- The fertilizer prices have increased which has caused the farmers worldwide to use and reduce the amount of land they are planting, which might lead to food shortage.
- In the U.S. the price of fertilizer is expected to jump by 12% this year.
- The farmers are switching to crops that require fewer nutrients or plan to use less fertilizer.
The fallout between Ukraine and Russia conflict has also affected the agricultural industry prompting a warning of food shortage. The fertilizer prices have increased which has caused farmers worldwide to use and reduce the amount of land they are planting.
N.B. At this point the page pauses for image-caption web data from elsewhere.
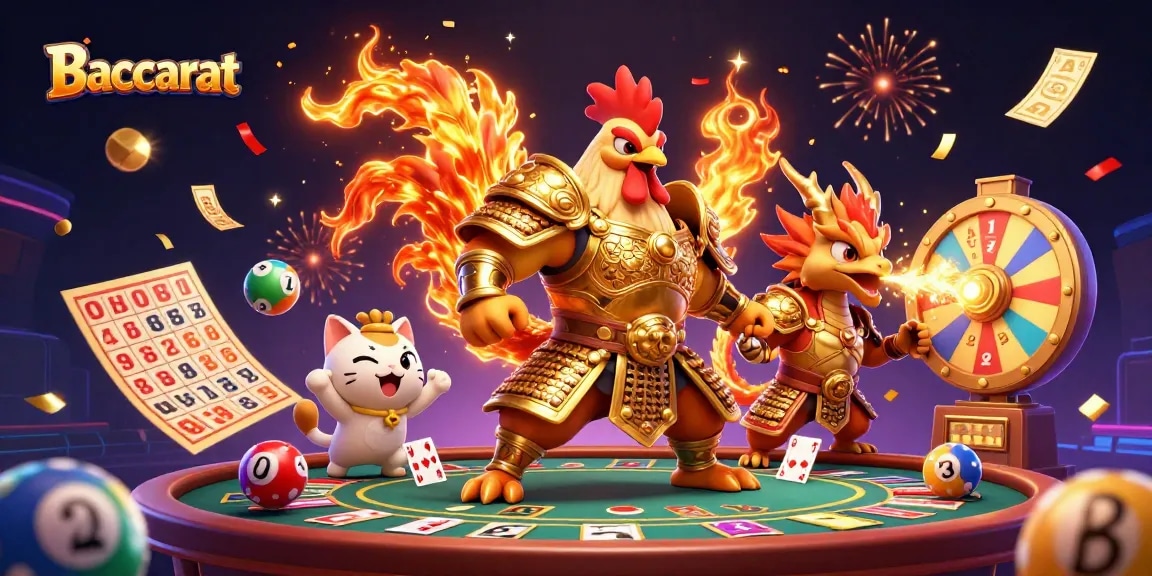 Baccarat table featuring dynamic action with characters celebrating wins at an Asian online casino.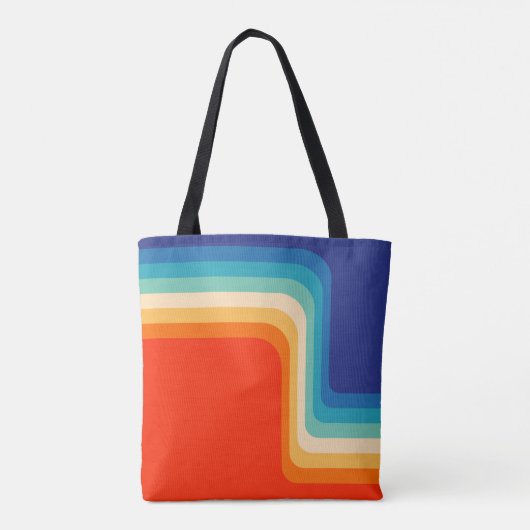 Persoonlijke Retro 70s Ombre Tote Bag (Achterkant)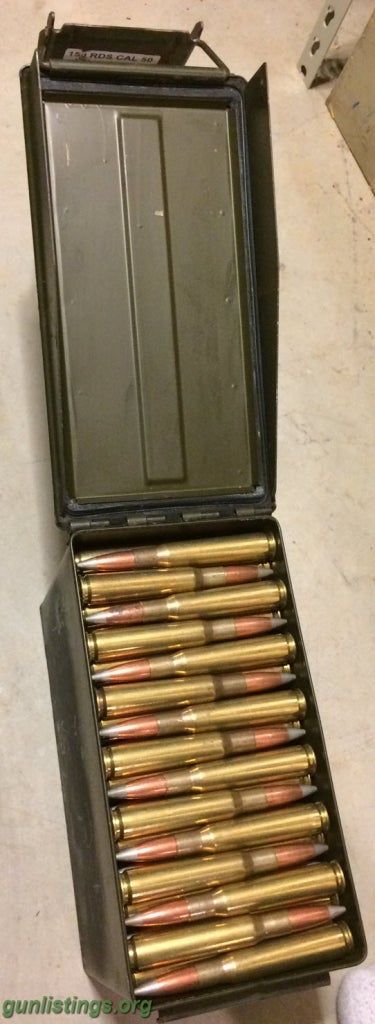 Ammo 150 Rounds Of .50 BMG M8 API Ammo, In Can!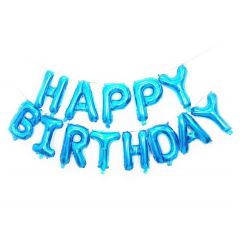 HAPPY BIRTHDAY σχηματισμένη λέξη με μπαλόνια μπλε | 34 Χ 21εκατοστά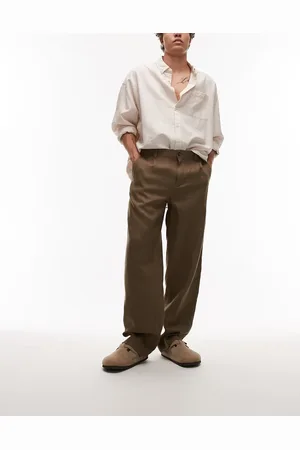 MANGO Premium linen mix tapered pants in dark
Also, some of the agricultural industry veterans have warned of food shortages.
The western sanctions on Russia are one of the major exporters of potash, ammonia, urea, and other soil nutrients. There have been disrupted shipments of these key inputs across the globe. Fertilizers are key to high yields but with the shortage of supply, the farmers are scrambling to adjust.
Farmers reacting to Fertilizer crisis
Brazil is an agricultural powerhouse. Due to the shortage of fertilizer supply, the farmers are applying less fertilizer to the corn. Moreover, it is also reported that some of the federal legislators are pushing to open protected indigenous lands for the mining of potash.
The small farmers from Kenya and Zimbabwe are going back to using manure for crop nourishment. A canola farmer from Canada has already stockpiled fertilizer for the 2023 season anticipating many high rates of fertilizers ahead.
The farmers around the world are working on coping with the fertilizer price hike. According to the data from the American Farm Bureau Federation and U.S. Department of Agriculture (USDA) in the U.S. the fertilizer price is expected to jump by 12% this year.
Fertilizers Shortage affecting the Yield
The farmers are switching to crops that require fewer nutrients or plan to use less fertilizer. This can drastically affect the quality of the yield pushing us into a food crisis.
Recently, on account of fears of food insecurity, Peru declared a state of emergency in its agriculture sector. Due to the rising fertilizer prices, Peru’s planted areas have fallen by 0.2% since August.